Id. at 709 (emphasis added).

It is true that Medill deals with the constitutionality of the exemption statute, and does not speak to the precise issue before us, and that the statements in the opinion are dictum. On the other hand, the statements are powerful expressions by the state supreme court en banc of state public policy at the heart of the question before us. The question of exemption is one of state law, and when an issue has not been decided by the Supreme Court of a state, it is our responsibility to predict how that court would decide the case before us.
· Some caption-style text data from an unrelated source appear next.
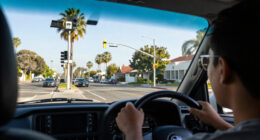 LA Just Powered Up Speed Cameras. Tickets Of Up To $500 Start Getting Mailed In Less Than 60 Days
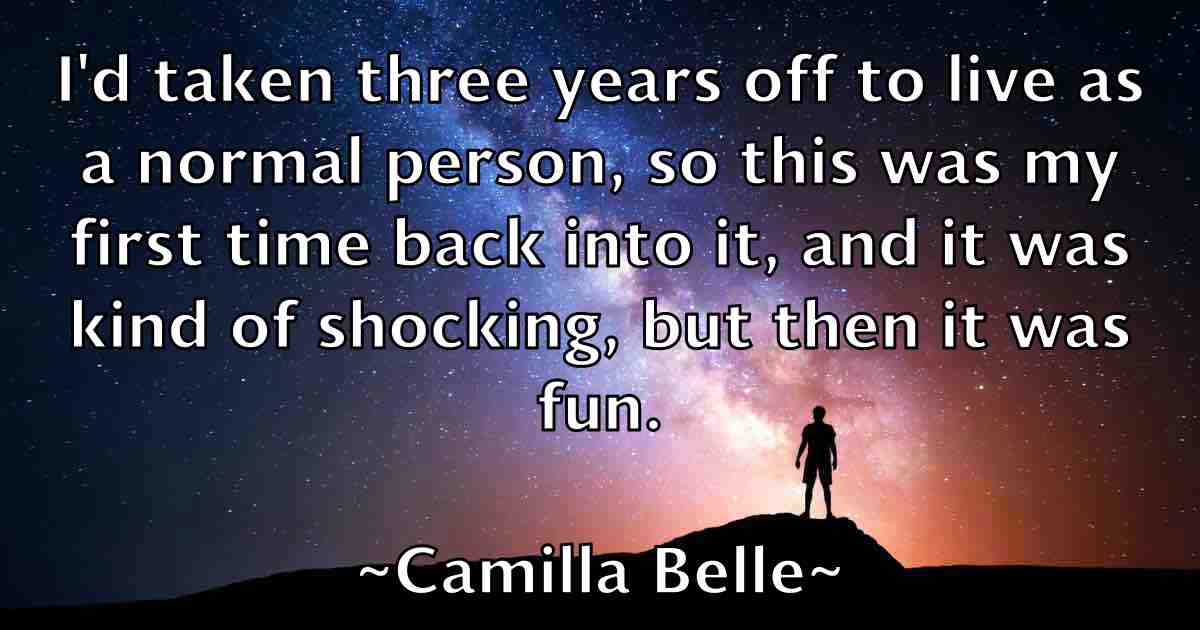 /images/quoteimage/camilla-belle-fb-119827.jpg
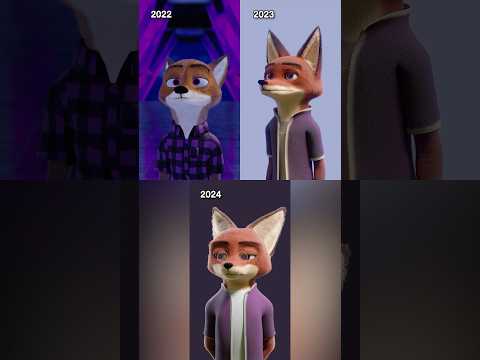 House Of Memories 2022 Vs 2023 Vs 2024 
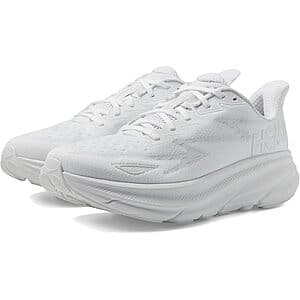 Hoka Men's Clifton 9 Running Shoes (Various Colors) $94.25 + Free Shipping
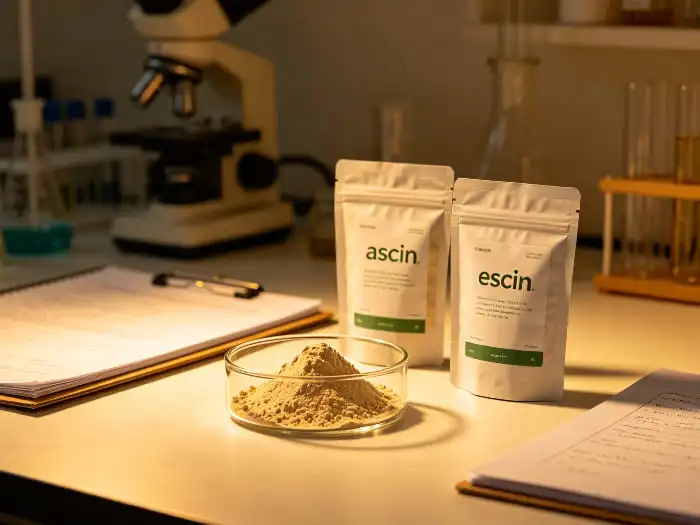 aescin escin aescin escin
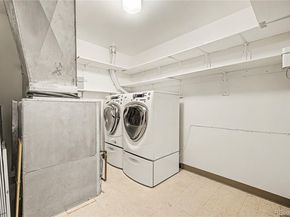 275 S Harrison Street 502, Denver CO 80209
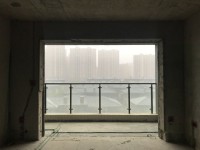 其它图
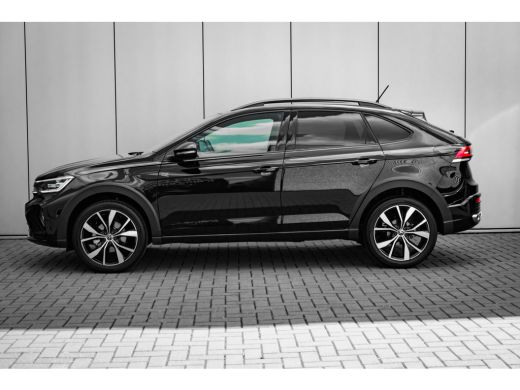 Volkswagen Taigo R-Line Edition Inclusief €2000,- inruilvoordeel | | Achterlichten LED | Afstandscontrolesysteem (... ActivLease financial lease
I know of no clearer indicator of the direction the Minnesota Supreme Court would take than a statement by that court en banc, dictum though it may be.

The court states that “Medill’s tort claim was pending trial at all relevant times.” Supra at 704 n. 2. The Minnesota Supreme Court did not say anything to indicate that it relied on the fact that the claim was pending, rather than reduced to judgment, at any particular “relevant time.” The Medill decision itself reflects that judgment on the tort claim had been entered on March 15, 1989, before the Minnesota Supreme Court rendered its opinion approving the exemption on November 22, 1991. Id. at 704.

I believe that these statements of the Minnesota Supreme Court en banc in Medill show that it would apply the exemption in this case. Accordingly, I would affirm the judgment of the district court affirming the order of the bankruptcy court.